So I'm getting a company set up in the Amazon Cloud -- creating IAAS protocol/solutions/standardized implementation, etc while also being the SysAdmin for individual systems, app environments, and day-to-day uptime.
One of the biggest issues I'm having is tracking various system/application logs, as well as logging/monitoring/archiving system metrics like memory usage, cpu usage, etc etc In a centralized fashion. E.g. -- Nagios + Urchin.
The BIGGEST impediment to my endeavors is the following:
The company application is deployed in the form of a Java *.WAR file, uploaded to an Elastic BeanStalk application environment, load balancing and auto-scaling between 3(min) and 10(max) servers, and the EC2's that run the application are fired up and disposed of ad-hoc.
That is to say, I can't monitor the individual EC2's for very long because so many are being terminated then auto-provisioned/auto-scaled on the fly -- so I'd constantly be having to "monitor what I'm monitoring", and continuously remove/add EC2 machine addresses to my monitoring lists.

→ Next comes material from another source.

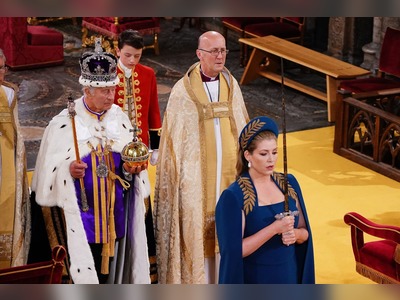 Penny Mordaunt draws Poundland comparisons for her coronation outfit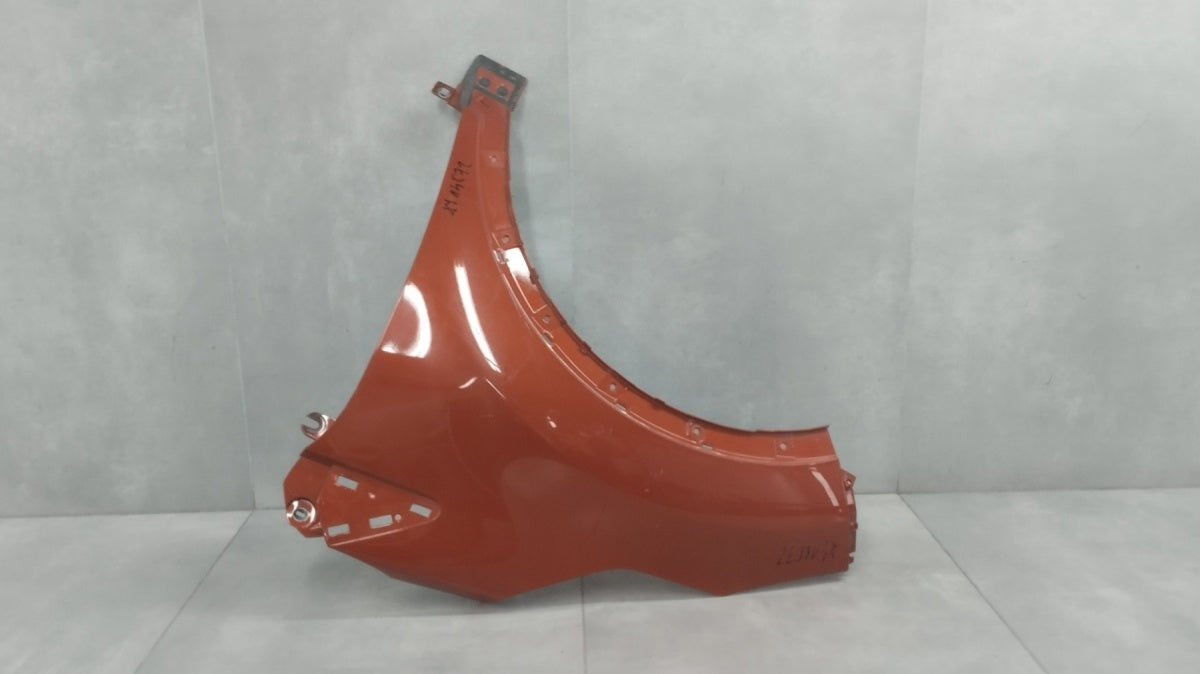 Blatobran prednji lijevi Renault Captur 13-19 OE 631018998R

IS there some sort of way to use monitoring tools like Zabbix or Nagios to monitor the ElasticBeanStalk, and have it automatically add on new EC2's, and remove terminated/failed EC2's from its monitoring list automatically?

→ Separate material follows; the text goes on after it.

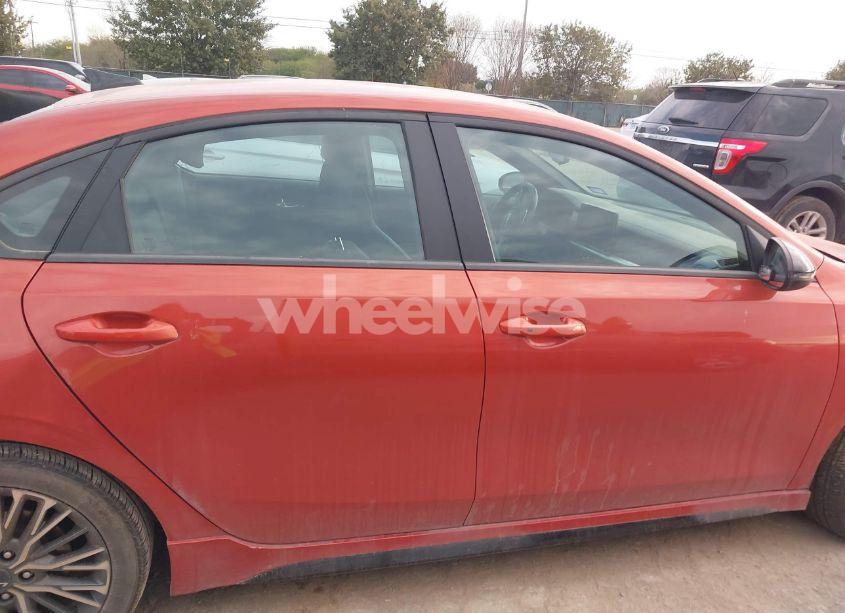 Photo 13 of 2024 Kia Forte GT-LINE (VIN 3KPF54AD2RE691525)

Furthermore, is there anything I can do with GrayLog to achieve similar results with the aggregation/centralization of my application logs from multiple EC2 instances into ONE consolidated set of logs/events? If not GrayLog, is there ANYTHING LIKE GrayLog that can automatically detect what EC2 members are being added/removed from the environment, and collect the logs from them automatically?
Any and all advice or direction is appreciated.
Thanks much, and cheers!!